Integrating using a change of variable $u=x+\theta$ will yield the results in row 8a and row 8b in the table, i.e. the cases for $\alpha \ne 1$ and $\alpha=1$. A more interesting result is 8c, which is the $k$th moment of the variable $X \wedge d$. The integral for this expectation can expressed using the incomplete beta function. The following evaluates the $E[(X \wedge d)^k]$.

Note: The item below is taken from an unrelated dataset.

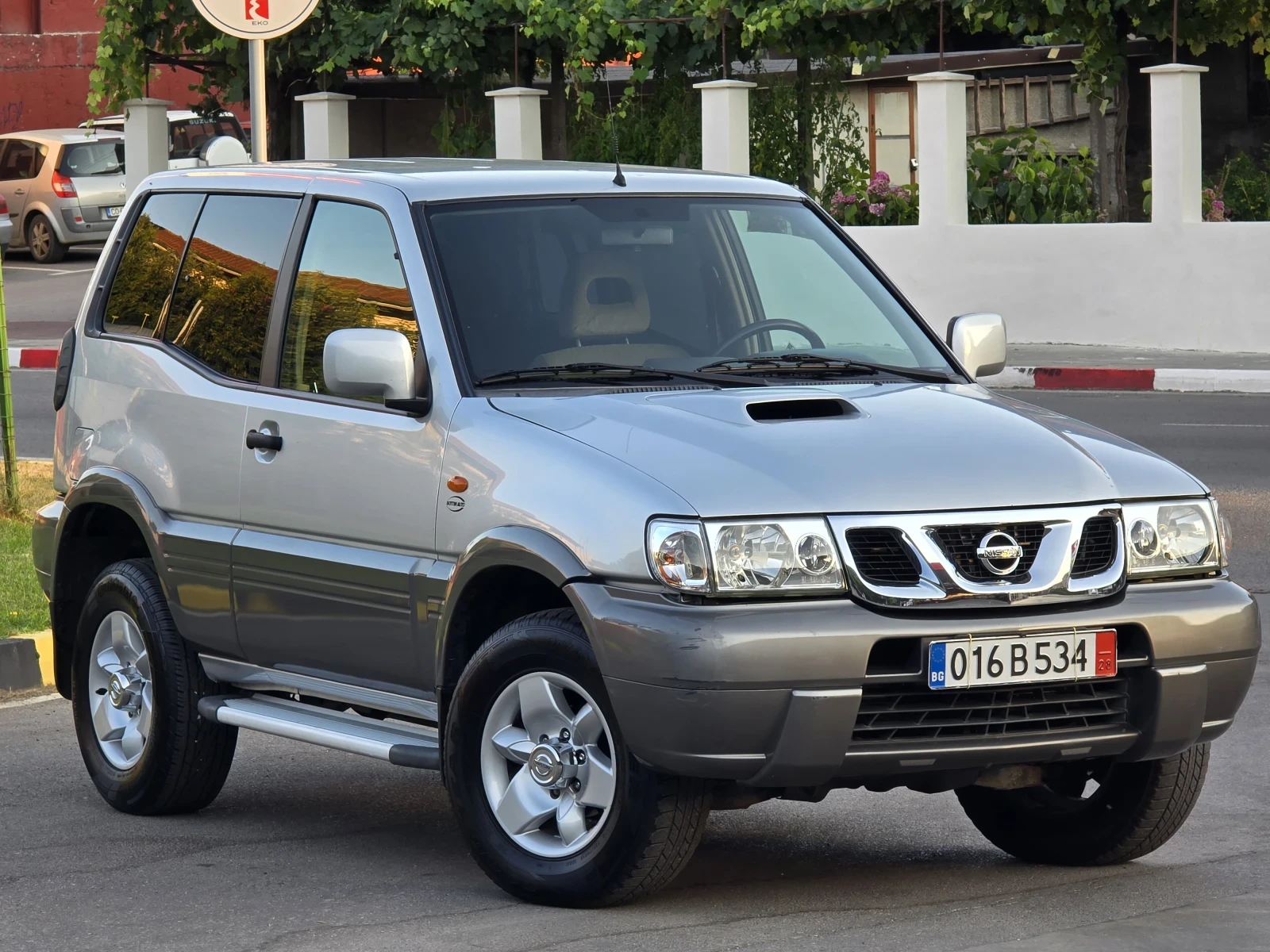 Nissan Terrano Уникат внос Италия продажба на лизинг, снимка 4 - Автомобили и джипове - 55547399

$\displaystyle E[(X \wedge d)^k]=\int_0^d x^k \ \frac{\alpha \theta^\alpha}{(x+\theta)^{\alpha+1}} \ dx +d^k \ \biggl(\frac{\theta}{x+\theta}\biggr)^\alpha$

Further transform the integral in the above calculation by the change of variable using $u=\frac{x}{x+\theta}$.

\displaystyle \begin{aligned} \int_0^d x^k \ \frac{\alpha \theta^\alpha}{(x+\theta)^{\alpha+1}} \ dx&=\int_0^{\frac{d}{d+\theta}} \alpha \theta^\alpha \ \biggl(\frac{u \theta}{1-u}\biggr)^k \ \biggl( \frac{\theta}{1-u}\biggr)^{-\alpha-1} \ \frac{\theta}{(1-u)^2} \ du\\&=\int_0^{\frac{d}{d+\theta}} \alpha \theta^k \ u^k \ (1-u)^{\alpha-k-1} \ du \\&=\frac{\theta^k \Gamma(k+1) \Gamma(\alpha-k)}{\Gamma(\alpha)} \int_0^{\frac{d}{d+\theta}} \frac{\Gamma(\alpha+1)}{\Gamma(k+1) \Gamma(\alpha-k)} \ u^{k+1-1} \ (1-u)^{\alpha-k-1} \ du \end{aligned}

The integrand in the last integral is the probability density function of the beta distribution with parameters $a=k+1$ and $b=\alpha-k$. Thus $E[(X \wedge d)^k]$ is as indicated in 8c.

Now we consider two risk measures – value-at-risk (VaR) and tail-value-at-risk (TVaR). The value-at-risk at security level $p$ for a random variable $X$ is, denoted by $VaR_p(X)$, the $(100p)$th percentile of $X$. Thus VaR is a fancy name for percentiles. Setting the Pareto Type II CDF equals to $p$ gives the VaR indicated in row 9 of the table. In other words, solving the following equation for $x$ gives the $(100p)$th percentile for Pareto Type II.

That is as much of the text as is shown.